Distributed Systems: Cassandra, DataStax, a Short SITREP

SITREP = Situation Report. It’s military speak. 💂🏻‍♂️

Apache Cassandra is one of the most popular databases in use today. It has many characteristics and distinctive architectural details. In this post I’ll provide a description and some details for a number of these features and characteristics, divided as such. Then, after that (i.e. toward the end, so skip there if you just want to the differences) I’m doing to summarize key differences with the latest release of the DataStax Enterprise 6 version of the database.

Cassandra Characteristics

Cassandra is a linearly scalable, highly available, fault tolerant, distributed database. That is, just to name a few of the most important characteristics. The Cassandra database is also cross-platform (runs on any operating systems), multi-cloud (runs on and across multiple clouds), and can survive regional data center outages or even in multi-cloud scenarios entire cloud provider outages!

Columnar Store, Column Based, or Column Family? What? Ok, so you might have read a number of things about what Cassandra actually is. Let’s break this down. First off, a columnar or column store or column oriented database guarantees data location for a single column in a node on disk. The column may span a bunch of or all of the rows that depend on where or how you specify partitions. However, this isn’t what the Cassandra Database uses. Cassandra is a column-family database.

A column-family storage architecture makes sure the data is stored based on locality of the data at the partition level, not the column level. Cassandra partitions group rows and columns split by a partition key, then clustered together by a specified clustering column or columns. To query Cassandra, because of this, you must know the partition key in order to avoid full data scans!
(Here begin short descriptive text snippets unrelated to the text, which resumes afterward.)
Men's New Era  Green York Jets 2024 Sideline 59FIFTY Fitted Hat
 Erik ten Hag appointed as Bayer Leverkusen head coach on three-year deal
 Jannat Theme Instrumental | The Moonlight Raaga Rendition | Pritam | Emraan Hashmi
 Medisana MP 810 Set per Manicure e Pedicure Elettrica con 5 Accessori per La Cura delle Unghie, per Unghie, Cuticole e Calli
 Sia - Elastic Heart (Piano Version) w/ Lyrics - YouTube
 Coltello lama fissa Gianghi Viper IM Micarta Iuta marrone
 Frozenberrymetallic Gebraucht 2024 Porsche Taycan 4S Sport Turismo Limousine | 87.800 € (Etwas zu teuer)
Cassandra has these partitions that guarantee to be on the same node and sort strings table (referred to most commonly as an SSTable *) in the same location within that file. Even though, depending on the compaction strategy, this can change things and the partition can be split across multiple files on a disk. So really, data locality isn’t guaranteed.
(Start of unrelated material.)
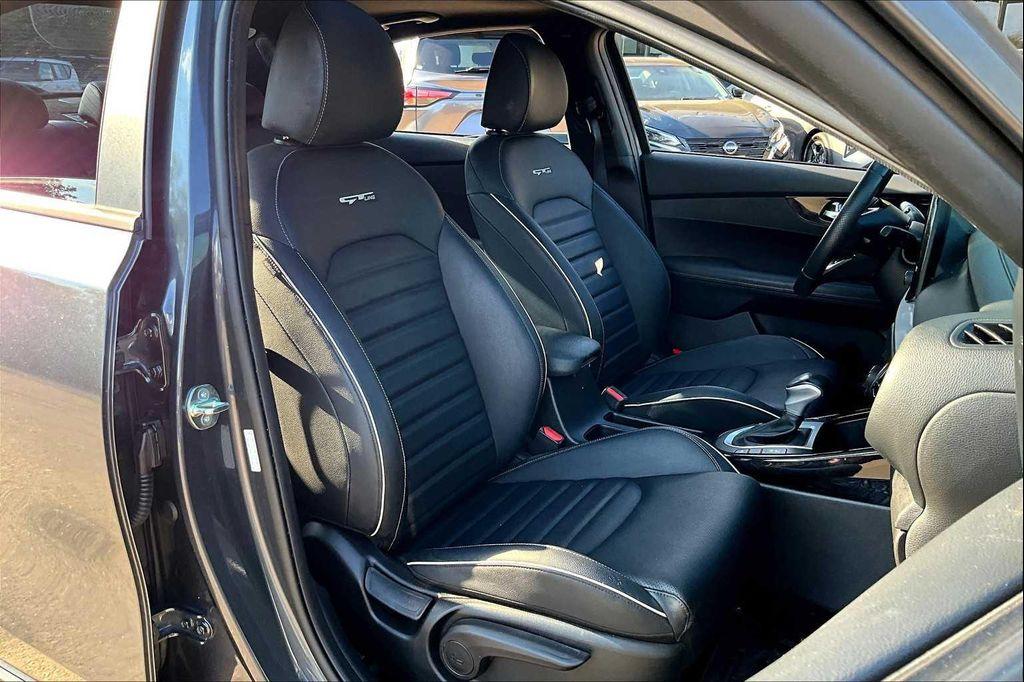 used 2023 Kia Forte car, priced at $17,398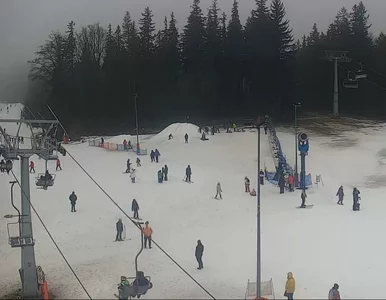 Miniatura: Sypnęło śniegiem. Te ośrodki narciarskie w...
Column-family stores are great for high throughput writes and the ability to linearly scale horizontally (ya know, getting lots and lots of nodes in the cloud!). Reads using the partition key are extremely fast since this key points to exactly where the data resides. However, this often – at least last I know of – leads to a full scan of the data for any type of ad-hoc query.

A sort of historically trivial but important point is the column-family term comes from the storage engine originally used based on a key value store. The value was a set of column value tuples, which where often referenced as family, and later this family was abstracted into partitions, and then the storage engine was matched to that abstraction. Whew, ok, so that’s a lot of knowledge being coagulated into a solid eh!  [scuse’ my odd artful language use if you visualized that!]

With all of this described, a that little history sprinkled in, when reading the description of Cassandra in the README.asc file of the actual Cassandra Github Repo things make just a little more sense. In the file it starts off with a description,

Apache Cassandra is a highly-scalable partitioned row store. Rows are organized into tables with a required primary key.

Partitioning means that Cassandra can distribute your data across multiple machines in an application-transparent matter. Cassandra will automatically repartition as machines are added and removed from the cluster.

Row store means that like relational databases, Cassandra organizes data by rows and columns. The Cassandra Query Language (CQL) is a close relative of SQL.

Now that I’ve covered the 101 level of what Cassandra is I’ll give a look at DataStax and their respective offering.

DataStax

DataStax Enterprise at first glance might be a bit confusing since immediate questions pop up like, “Doesn’t DataStax make Cassandra?”, “Isn’t DataStax just selling support for Cassandra?”, or “Eh, wha, who is DataStax and what does this have to do with Cassandra?”. Well, I’m gonna tell ya all about where we are today regarding all of these things fit.

Performance

DataStax provides a whole selection of amenities around a database, which is derived from the Cassandra Distributed Database System. The core product and these amenities are built into what we refer to as the “DataStax Enterprise 6“. Some of specific differences are that the database engine itself has been modified out of band and now delivers 2x the performance of the standard Cassandra implemented database engine. I was somewhat dubious when I joined but after the third party benchmarks where completed that showed the difference I grew more confident. My confidence in this speed increase grew as I’ve gotten to work with the latest version I can tell in more than a few situations that it’s faster.

Read Repair & NodeSync

If you already use Cassandra, read repair works a certain way and that still works just fine in DataStax Enterprise 6. But one also has the option of using NodeSync which can help eliminate scripting, manual intervention, and other repair operations.

Spark SQL Connectivity

There’s also an always on SQL Engine for automated uptime for apps using DataStax Enterprise Analytics. This provides a better level of analytics requests and end -user analytics. Sort of on this related note, DataStax Studio also has notebook support for Spark SQL now. Writing one’s Spark SQL gets a little easier with this option.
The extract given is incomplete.